Handloom: An Indian legacy
Handloom, an Indian legacy is the theme of 2021’s National Handloom Day celebrations. Weaving is an aesthetic, intricate art passed on from generations taking forward India’s cultural heritage, legacy, and empowering the lives and economy of the country.
From Kanjeevaram of Tamil Nadu to Punjab’s Phulkari, from Chanderi from Madhya Pradesh to Odisha’s Ikat, each Indian state has its own traditional handloom preserving in them the true essence of India. These handlooms are a window to India’s rich culture, heritage, beauty, and art to the world.

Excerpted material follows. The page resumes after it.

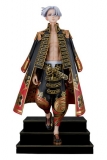 Tokyo Revengers PVC Statue 1/7 Manjiro Sano: Volume 24 Cover Illustration Ver. 24 cm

Plans for 7th National Handloom Day
The National Handloom Development Corporation (NHDC) is organizing a national level, “My Handloom My Pride Expo” at Dilli Haat, New Delhi from August 1 to August 15, 2021, to mark the 7th anniversary of National Handloom Day. Further, PM Narendra Modi has also urged the nation to buy Indian handloom products and showcase its grandeur by associating with #MyHandloomMyPride.
India & handloom industry
One of the earliest industries to be established in India, it accounts for 14% of the total Industrial production, contributes to nearly 30% of the total exports, and is the second-largest employer in the country after agriculture, employing more than 43 lakh weavers and allied workers.
The eco-friendling handloom industry aims to support weavers, link them directly with the market, provide inputs in terms of new designs and product diversification, facilitate weavers in the production of high value, good quality products by providing skill up-gradation, better technology, infrastructure, and easy availability of raw material and working capital.

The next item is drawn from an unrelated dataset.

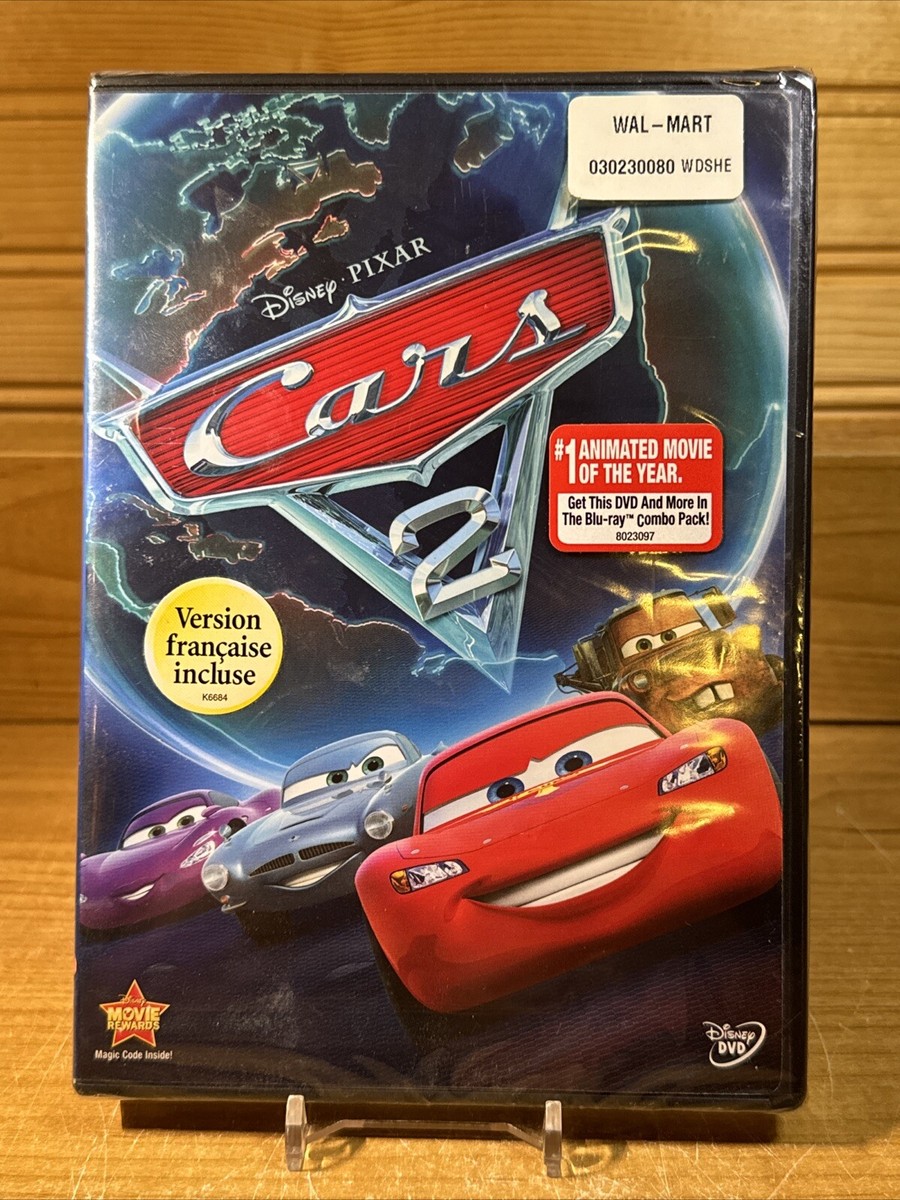 Disney　DVD s-l400.jpg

The Government has also implemented a number of schemes to help achieve these objectives, like the National Handloom Development Programme (NHDP), Handloom Weavers Comprehensive Welfare Scheme (HWCWS), Comprehensive Handloom Cluster Development Scheme (CHCDS) and Yarn Supply Scheme (YSS).

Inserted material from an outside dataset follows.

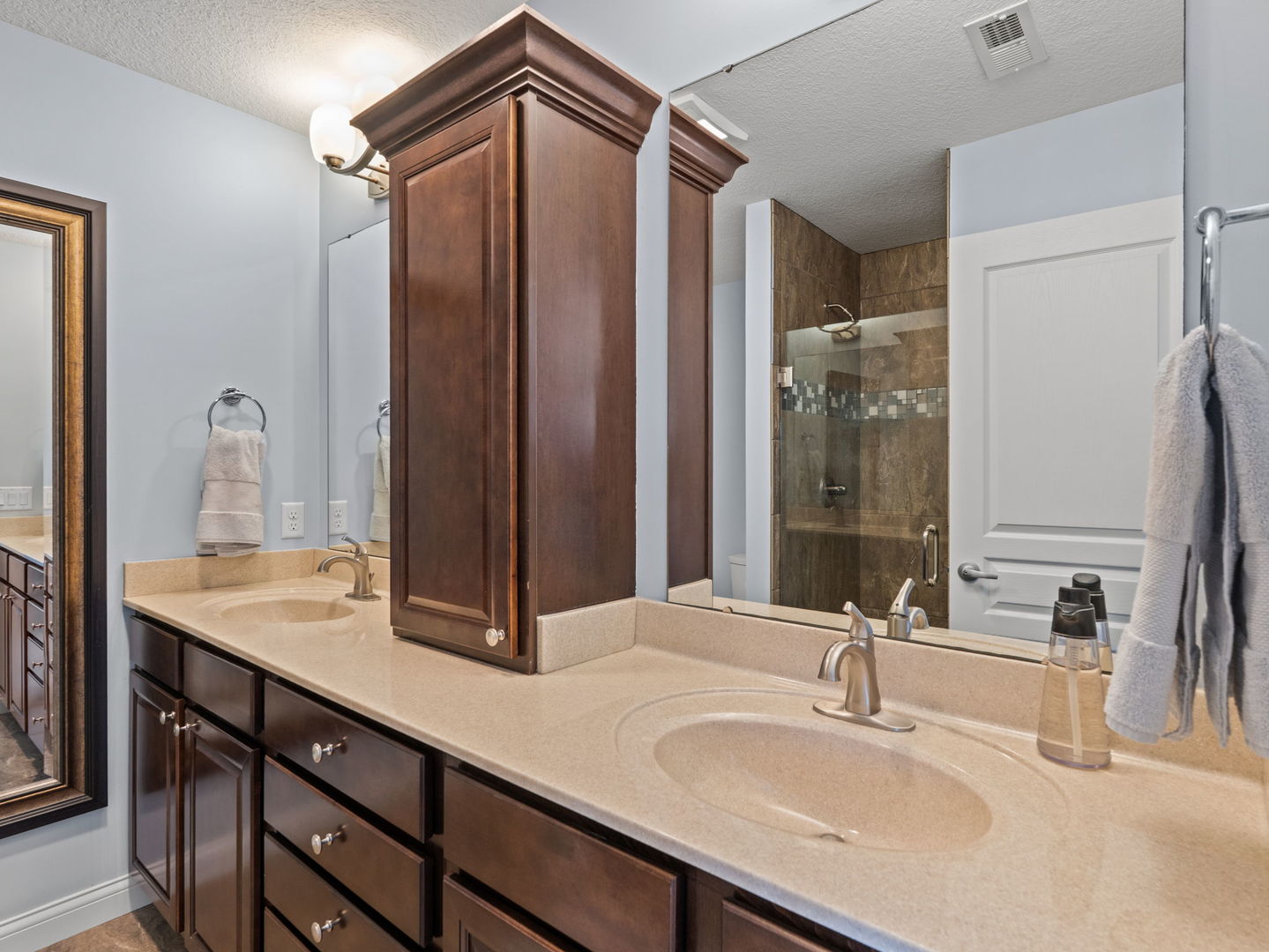 4249 TRANQUILITY Court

Further, in 2015, the ‘India Handloom’ brand was launched to represent high-quality handloom products and was adopted to promote the production of niche handloom products with high quality, authentic traditional designs with zero defect and zero effect on environment.
So far, a total of 72 handloom products and 6 product logos have been registered under the Geographical Indications of Goods Act in India. To promote the export of handloom products, Handloom Export Promotion Council (HEPC) participates in various international fairs with the member handloom exporters to sell handloom products in the international markets.
Contribution of growth & development
India is also the largest consumer and the second-largest producer of cotton with 6 Mn tons of cotton production every year which is about 23% of the world cotton.
In terms of export, according to the Annual report 2016-17, Ministry of Textiles, the share of Indian handloom fabric in the world is 95% being exported to over 125 countries.
India is the second-largest exporter of handloom products in the world, with exports valued at US$ 353.9 million in 2017- 18. The domestic textiles and apparel industry contributes 5% to India’s GDP. FDI in the textiles and apparel industry has reached up to $3.75 bn till March 2021. Furthermore, exports of textiles and apparel are expected to grow to $65 bn by 2025-26
2nd largest employment provider
The handloom sector is the 2nd largest employment provider in the country, providing employment and empowerment to a large number of women in the country. Over 70% of handloom weavers and allied workers in the sector are women.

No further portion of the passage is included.